### Prompt
Leave out the pictures and repeat the data exactly.

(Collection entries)
___

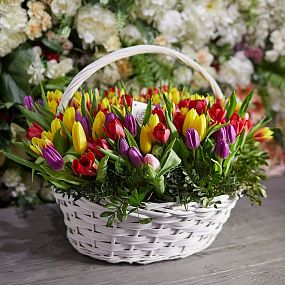 Композиция из 201 тюльпана микс с зеленью в корзине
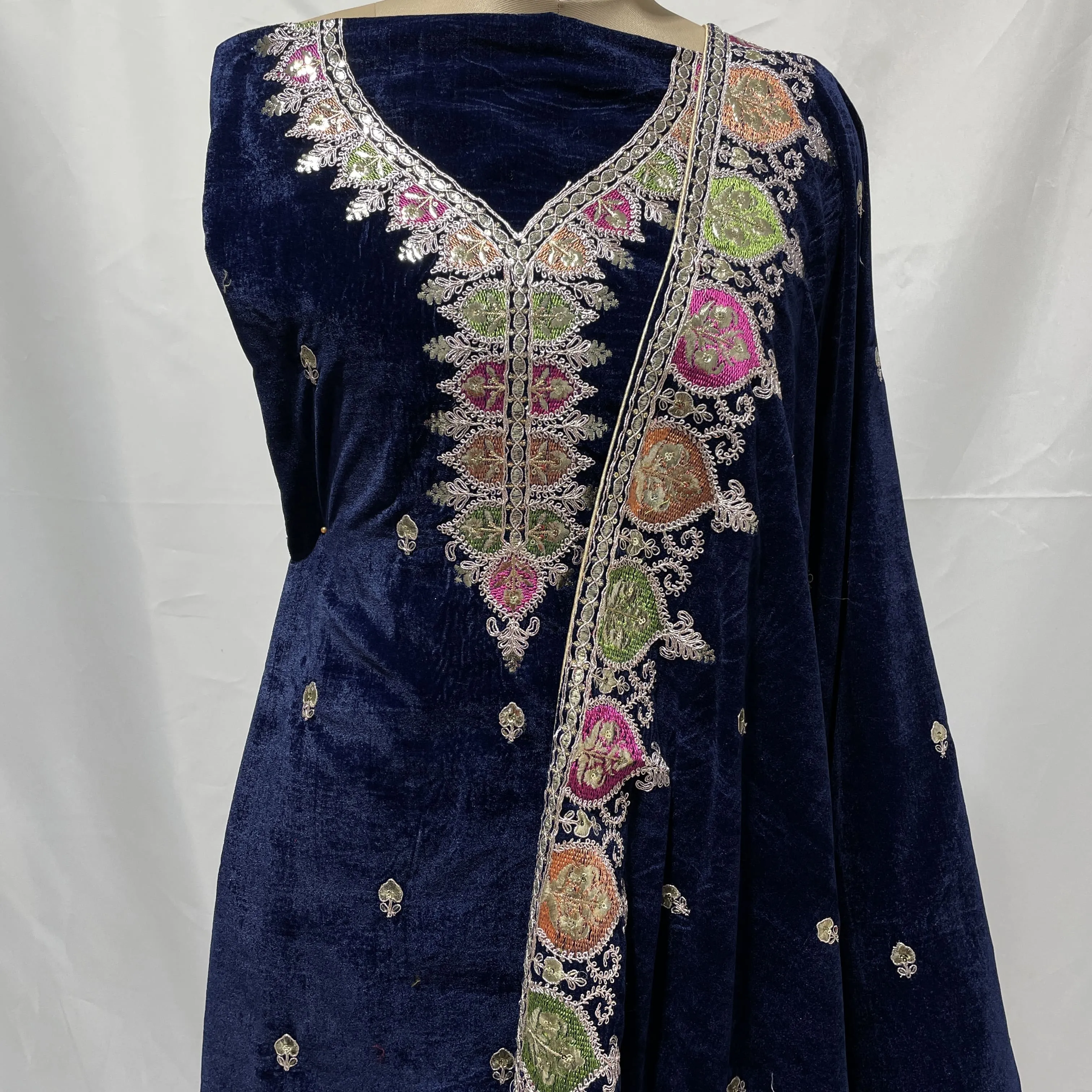 Premium Blue Multicolor Thread Sequins Embroidery Velvet Suit Set With Dupatta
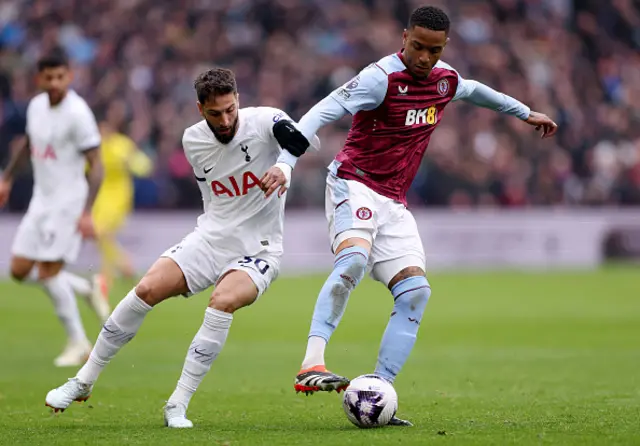 Ezri Konsa of Aston Villa is challenged by Rodrigo Bentancur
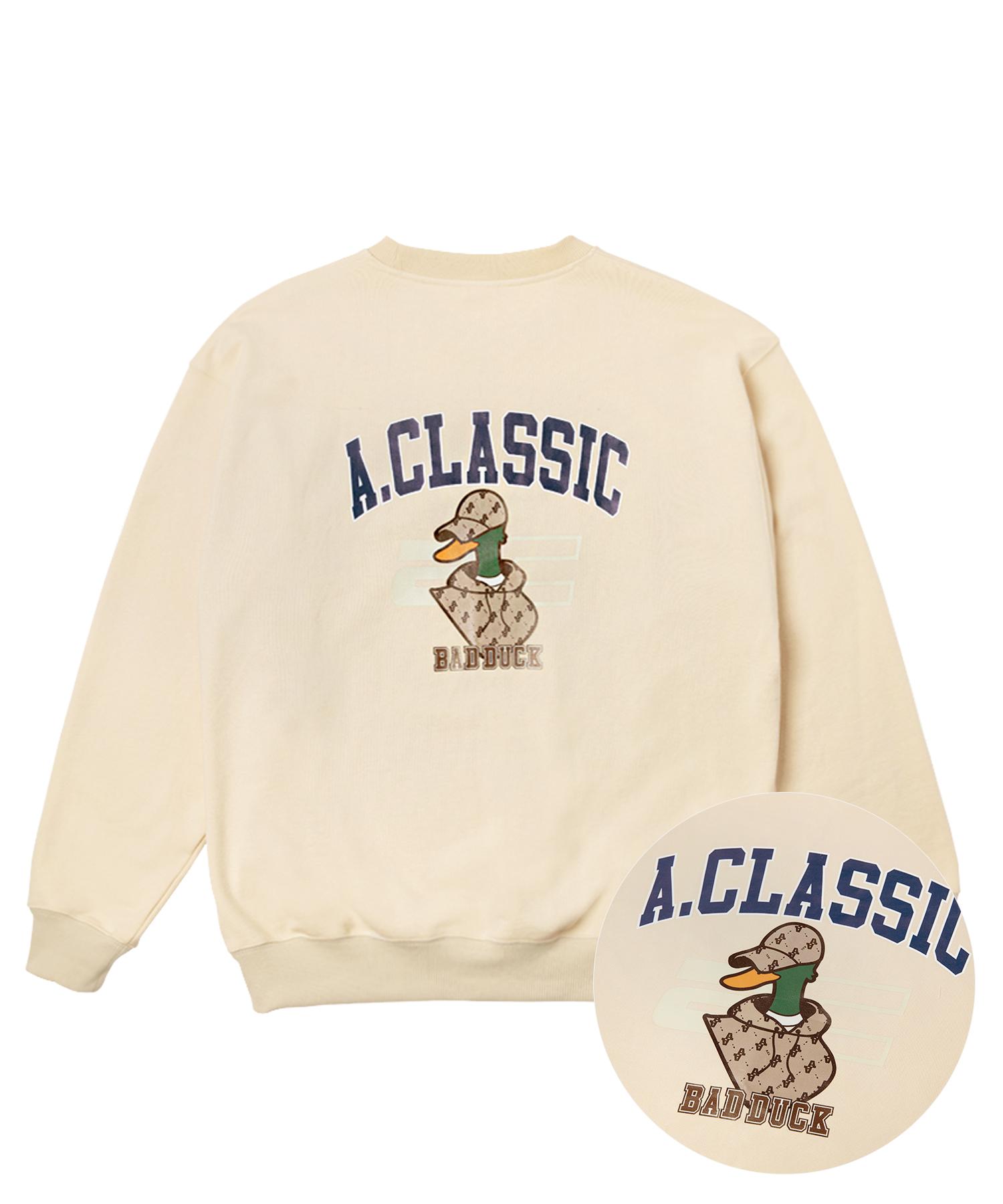 Aki Classic Bad Duck Crewneck Beige Beige/L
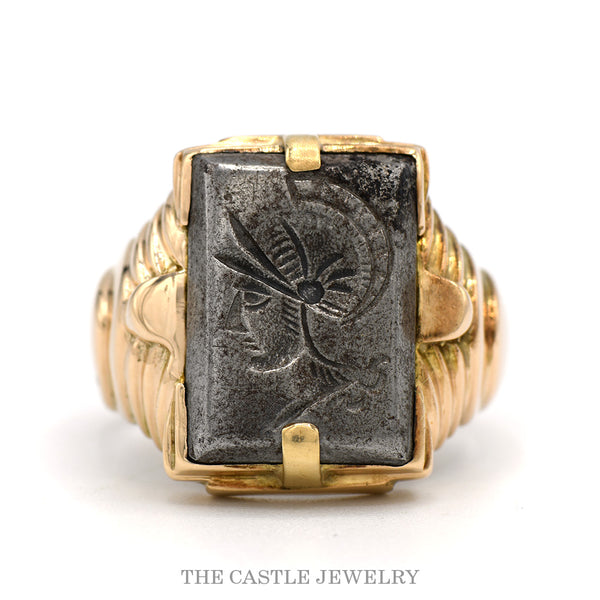 10k yellow gold men's ring with rectangular gray hematite intaglio carved with a Roman warrior profile and fluted shoulders — top view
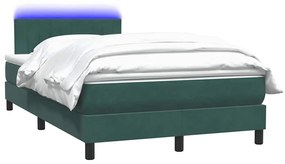 vidaXL Κρεβάτι Boxspring με Στρώμα Σκούρο Πράσινο 120x210εκ. Βελούδινο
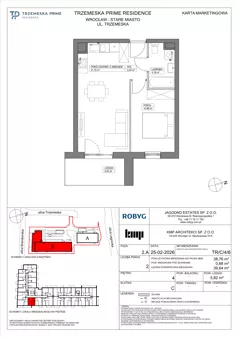 2 pokoje, mieszkanie 38,76 m², piętro 4, oferta nr TR/C/4/6, Trzemeska Prime Residence, Wrocław, Stare Miasto, ul. Trzemeska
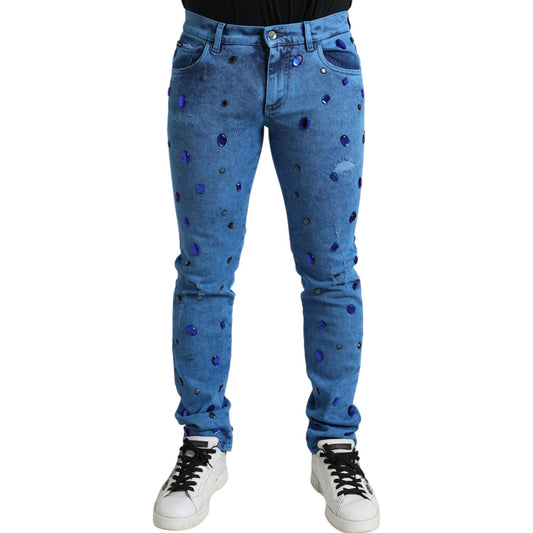 Dolce & Gabbana Blue Crystal Embellished Skinny Denim Jeans PAN75028-50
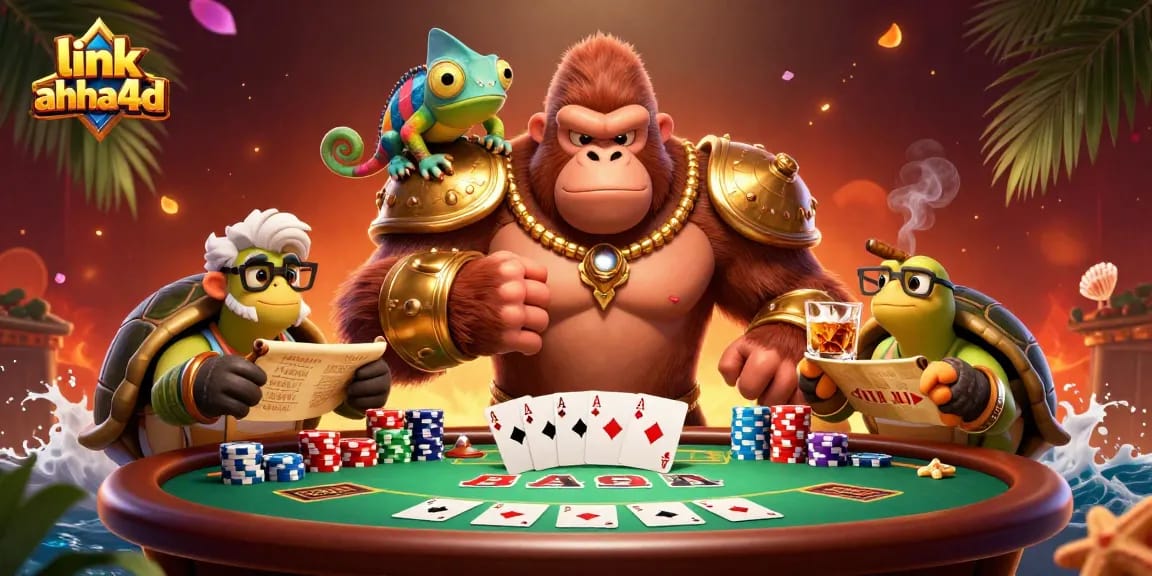 Experience thrilling action as link ahha4d leads players to poker victories amid colorful casino elements.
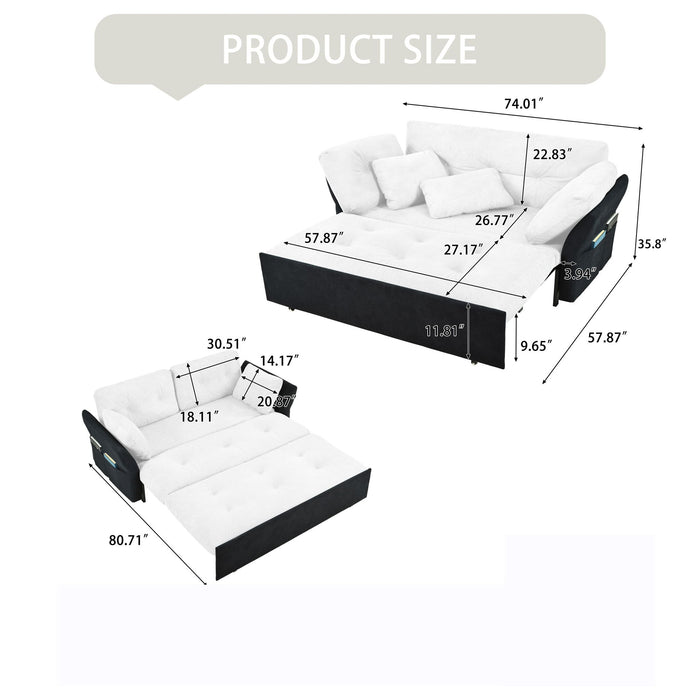 Modern Convertible Sleeper Sofa Bed With Pull-Out Queen Design, Side Storage & Thick Cushions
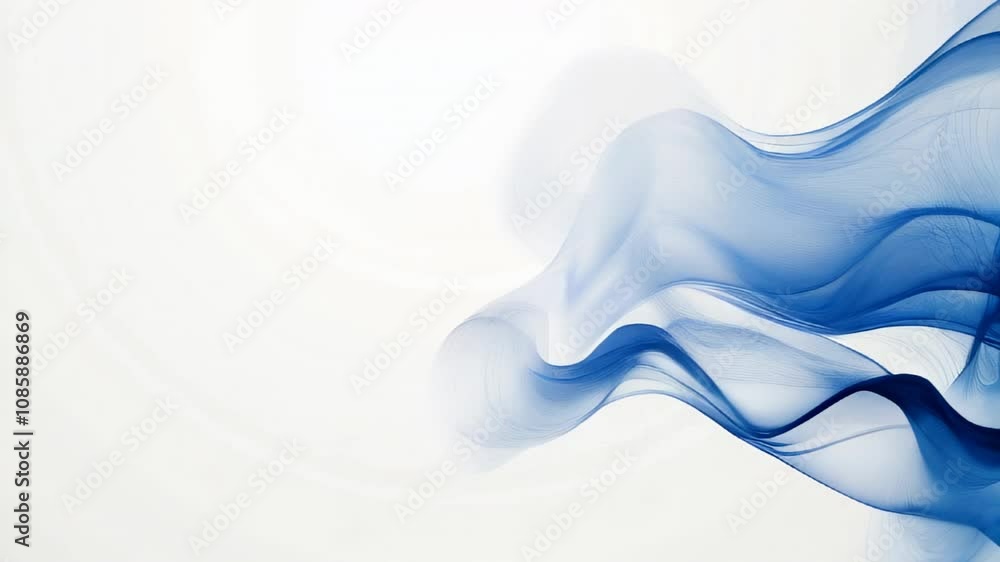 Poster soft swirling blue vapor flows gracefully against a light background, creating a calming and etherea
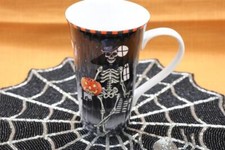 222 FIFTH DAPPER SKELETON MAN HALLOWEEN TALL LATTE COFFEE MUG - NEW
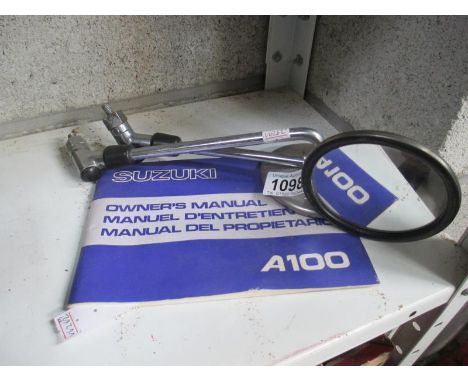 A pair of Suzuki A100 mirrors and owner's manual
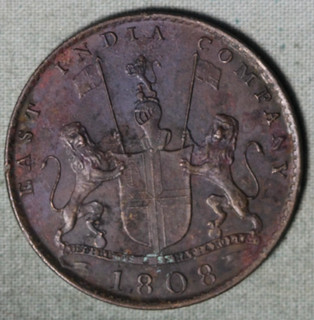 1808 East India Company 10 Cash Admiral Gardner Shipwreck Coin No COA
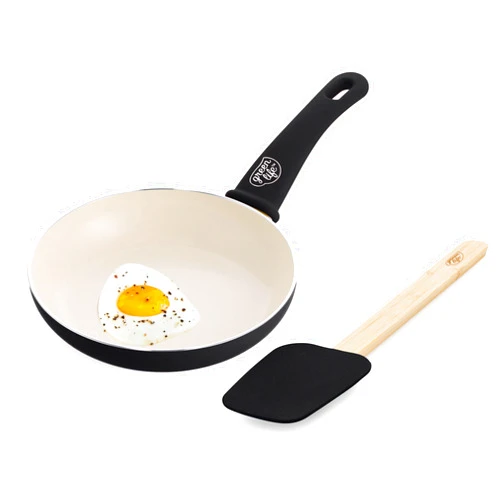 GreenLife Soft Grip 8” Frypan Skillet and Spatula Breakfast Cookware Set, PFAS-Free Ceramic Nonstick, Silicon Spatula with Bamboo Handle, Egg Omelette Bacon, Dishwasher Safe, Stay-Cool Handles, Black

___

### Reply
 Композиция из 201 тюльпана микс с зеленью в корзине
 Premium Blue Multicolor Thread Sequins Embroidery Velvet Suit Set With Dupatta
 Ezri Konsa of Aston Villa is challenged by Rodrigo Bentancur
 Aki Classic Bad Duck Crewneck Beige Beige/L
 10k yellow gold men's ring with rectangular gray hematite intaglio carved with a Roman warrior profile and fluted shoulders — top view
 vidaXL Κρεβάτι Boxspring με Στρώμα Σκούρο Πράσινο 120x210εκ. Βελούδινο
 2 pokoje, mieszkanie 38,76 m², piętro 4, oferta nr TR/C/4/6, Trzemeska Prime Residence, Wrocław, Stare Miasto, ul. Trzemeska
 Dolce & Gabbana Blue Crystal Embellished Skinny Denim Jeans PAN75028-50
 Experience thrilling action as link ahha4d leads players to poker victories amid colorful casino elements.
 Modern Convertible Sleeper Sofa Bed With Pull-Out Queen Design, Side Storage & Thick Cushions
 Poster soft swirling blue vapor flows gracefully against a light background, creating a calming and etherea
 222 FIFTH DAPPER SKELETON MAN HALLOWEEN TALL LATTE COFFEE MUG - NEW
 A pair of Suzuki A100 mirrors and owner's manual
 1808 East India Company 10 Cash Admiral Gardner Shipwreck Coin No COA
 GreenLife Soft Grip 8” Frypan Skillet and Spatula Breakfast Cookware Set, PFAS-Free Ceramic Nonstick, Silicon Spatula with Bamboo Handle, Egg Omelette Bacon, Dishwasher Safe, Stay-Cool Handles, Black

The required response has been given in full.